Déclaration de M. Edouard Balladur, Premier ministre, sur le bilan de son action, sa méthode, la mise en oeuvre du programme de réformes pour la législature notamment en matière de lutte contre l'exclusion, Colmar le 23 septembre 1994.

Prononcé le

Intervenant(s) : 

Circonstance : Journées parlementaires du RPR, Colmar les 22 et 23 septembre 1994

Texte intégral

Heureux de me retrouver parmi vous. Nos convictions communes.

C'est une réunion importante : la dernière avant l'élection présidentielle, qui sera l'occasion de rendre compte au pays de l'œuvre accomplie, et de lui soumettre un projet qui tienne compte des résultats obtenus et prolonge les perspectives de notre action jusqu'à la fin du siècle.

Nous avons gagné en 1993.
  
Ensemble nous avons établi un programme de réformes pour la législature.

Nous l'avons mis en œuvre pendant deux ans. Déjà, la plupart des réformes sont accomplies.
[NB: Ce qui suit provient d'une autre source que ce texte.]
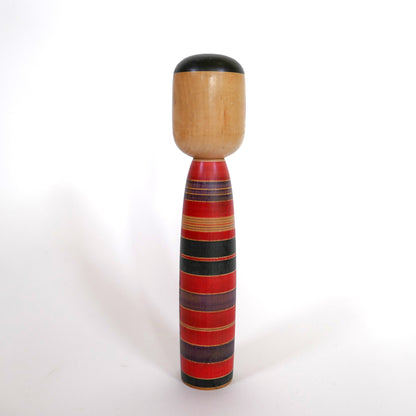 Vue arrière d'une kokeshi japonaise artisanale style Tsuchiyu rouge, violet et noir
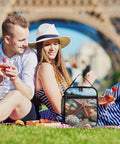 Couple enjoying picnic with Colorful Starfish Beach Lunch Box Insulated Tote With Side Pocket, outdoors on grass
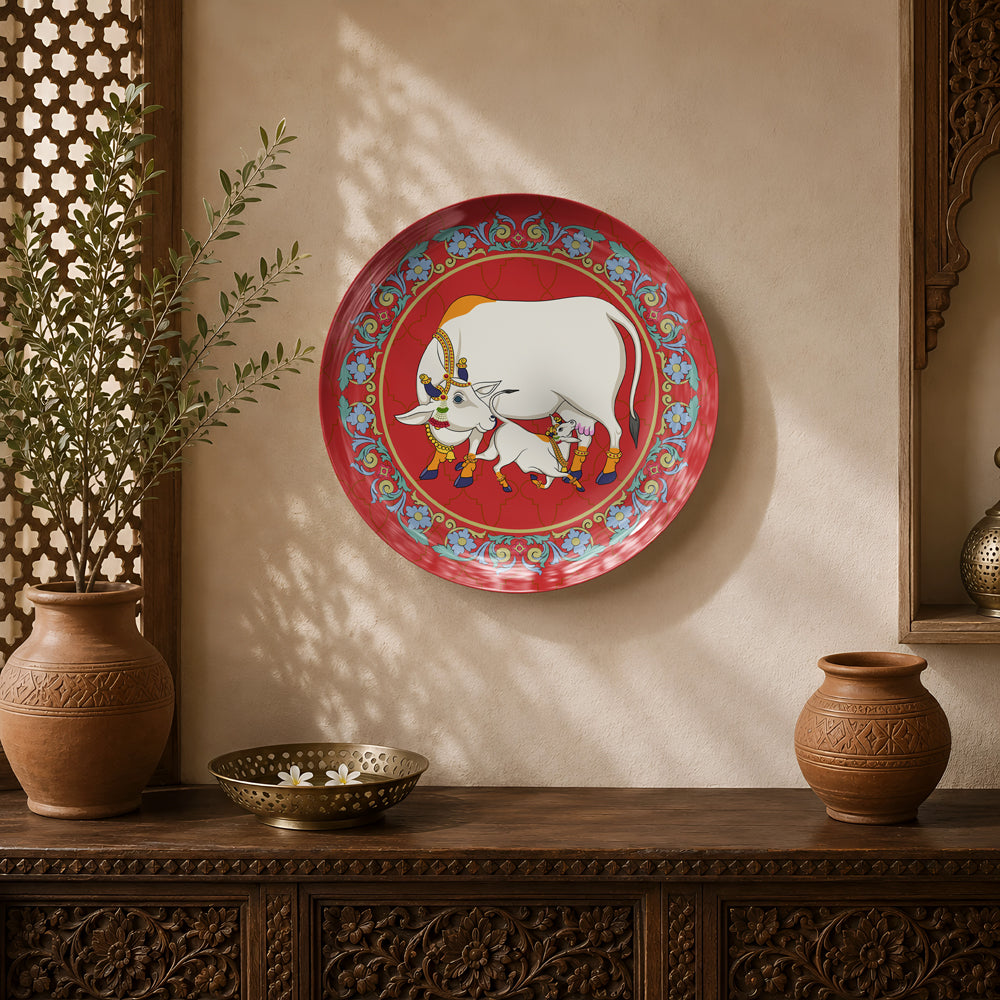 Sacred Bond ceramic wall plate featuring a sacred cow and calf inspired by traditional Pichwai art.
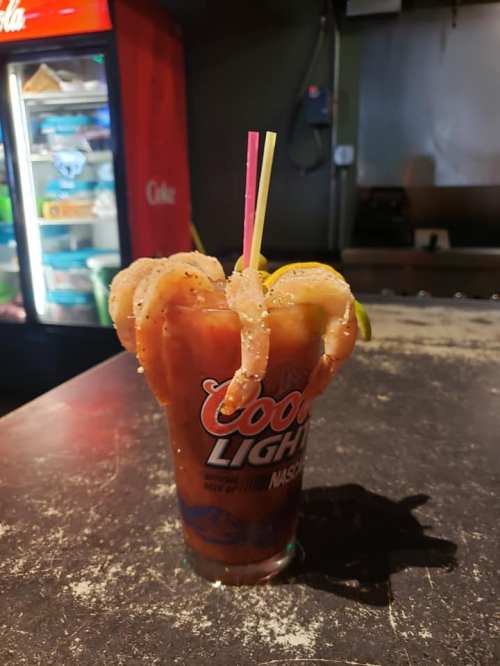 A cocktail glass filled with a drink, garnished with shrimp and lime, set on a dark countertop.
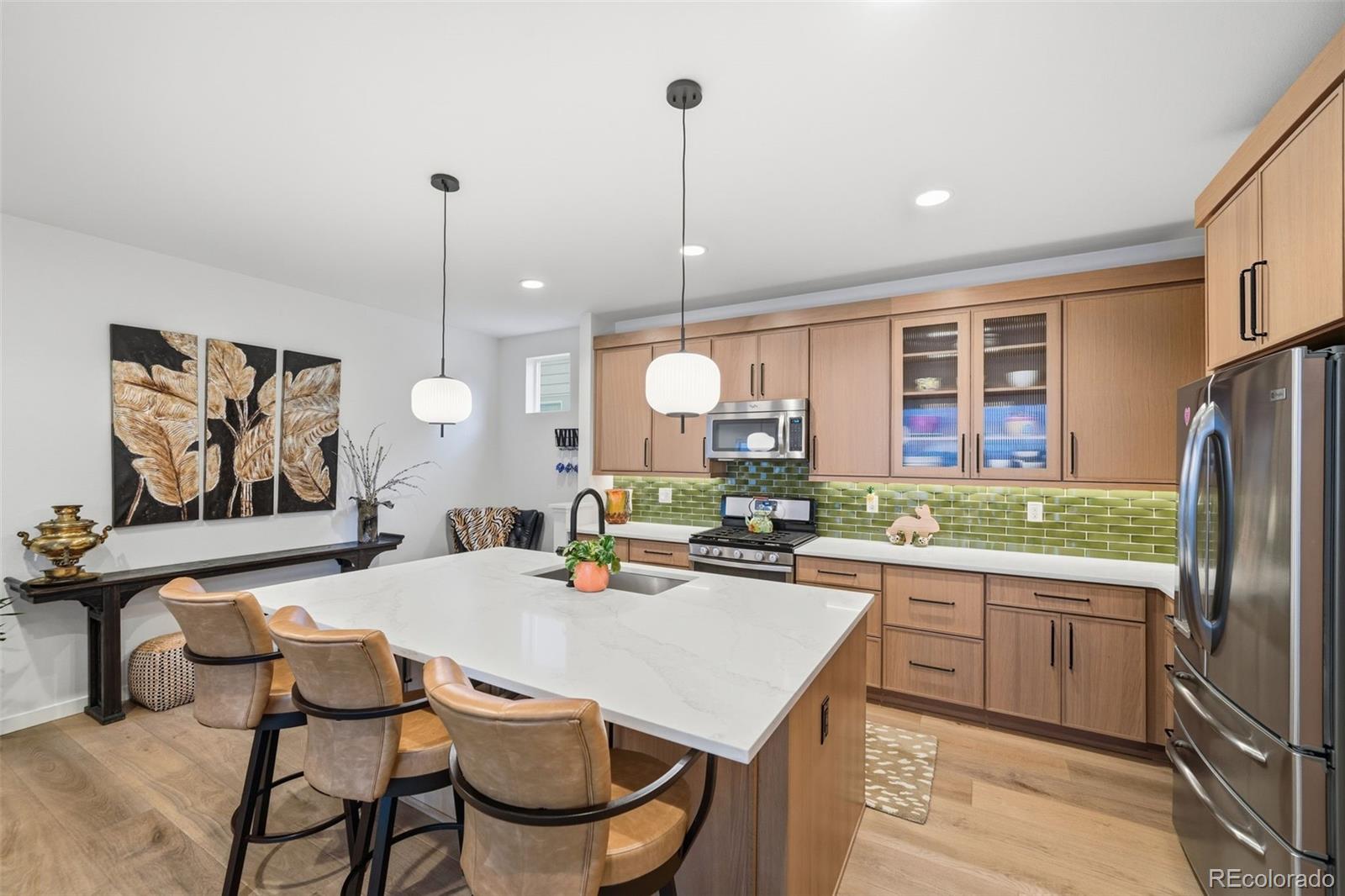 9602 Dunning Circle Highlands Ranch, CO 80126 - Photo 22 of 50 a kitchen with a table chairs sink and refrigerator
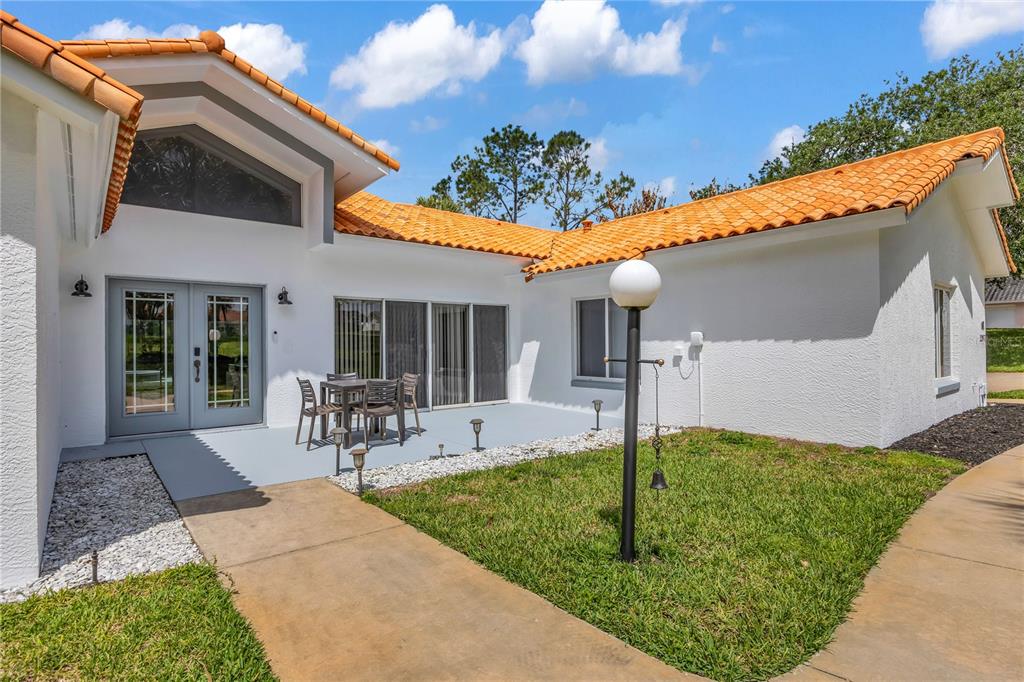 A white house with an orange tile roof features a patio and a grassy yard — 12853 BELLERIVE DRIVE, CLERMONT, FL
Aujourd'hui, il faut faire le point :

– qu'avons-nous fait ?
– que reste-t-il à faire ?
– quelles nouvelles perspectives pour notre action ?

Quelle était la situation en 1993 ?

La pire depuis la guerre :

Déficit budgétaire de 340 milliards de francs, soit trois fois et demi celui que nous laissions en 1988.

Déficits sociaux explosifs :

– les retraites n'étaient plus garanties ;
– les contrats emplois solidarité n'étaient plus financés ;
– les dépenses de santé échappaient à tout contrôle.

La délinquance et l'insécurité se développaient rapidement.
  
L'immigration n'était pas réellement contrôlée.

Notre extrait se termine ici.